Druid has premièred new plays from some of the most persuasive, proven writing talents to emerge in recent Irish theatre: Marina Carr, Enda Walsh and Stuart Carolan. A reconstituted commissioning policy has played its part in this.
The association with Enda Walsh has emerged as the most important and productive in recent years, an association to compare with the previous associations with Tom Murphy and Martin McDonagh.
A trilogy of plays from John B. Keane provided the main thrust to Druid’s explorations of the Irish repertoire in the first years of the millennium.

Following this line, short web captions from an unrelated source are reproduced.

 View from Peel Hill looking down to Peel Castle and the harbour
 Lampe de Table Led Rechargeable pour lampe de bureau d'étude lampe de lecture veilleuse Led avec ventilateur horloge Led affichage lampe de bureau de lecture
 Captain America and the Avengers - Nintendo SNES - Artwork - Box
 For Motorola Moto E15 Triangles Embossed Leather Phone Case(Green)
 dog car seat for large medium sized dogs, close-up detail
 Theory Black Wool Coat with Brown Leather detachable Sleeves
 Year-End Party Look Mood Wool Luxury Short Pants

John B. Keane’s work is attuned, to an unrivalled degree, to Irish rural life – its rhythms and pulse and its contending forces of modernity, Catholicism and the pre-modern – and Druid reconnected with audiences throughout Ireland through its explorations of the violent faultlines that erupt through Keane’s work.
Throughout 2004 and 2005, Garry Hynes, Marie Mullen and Mick Lally delivered on a shared commitment to stage together all six plays of John Millington Synge’s dramatic canon. DruidSynge was the result, with the staging of all six plays in one day at the 2005 Galway Arts Festival, the most ambitious and perhaps successful undertaking in Druid’s history. It was described by the Irish Times as ‘one of the greatest achievements in the history of Irish Theatre’ and by Charles Isherwood of the New York Times as ‘a highlight not just of my theatregoing year but of my theatregoing life’.
2009 –
This productive period has been enabled by a succession of dedicated general managers and company directors, including Ciarán Walsh, Ciara ní Shúilleabháin, Fergal McGrath and Tim Smith. Druid has been fortunate also in its associates in other fields, including Maureen Hughes as casting director and Eamonn Fox as production manager.
Druid’s next chapter involves as much structural innovation as it does a commitment to reinvent itself and to explore the possibilities for contemporary theatre. Once again Druid is looking to streamline resources to deliver world-class productions. At the same time, Druid is challenging itself to push through ever redefining limits. The aim is to deliver experiences as unforgettable, and more so, than those for which Druid has been celebrated in the past.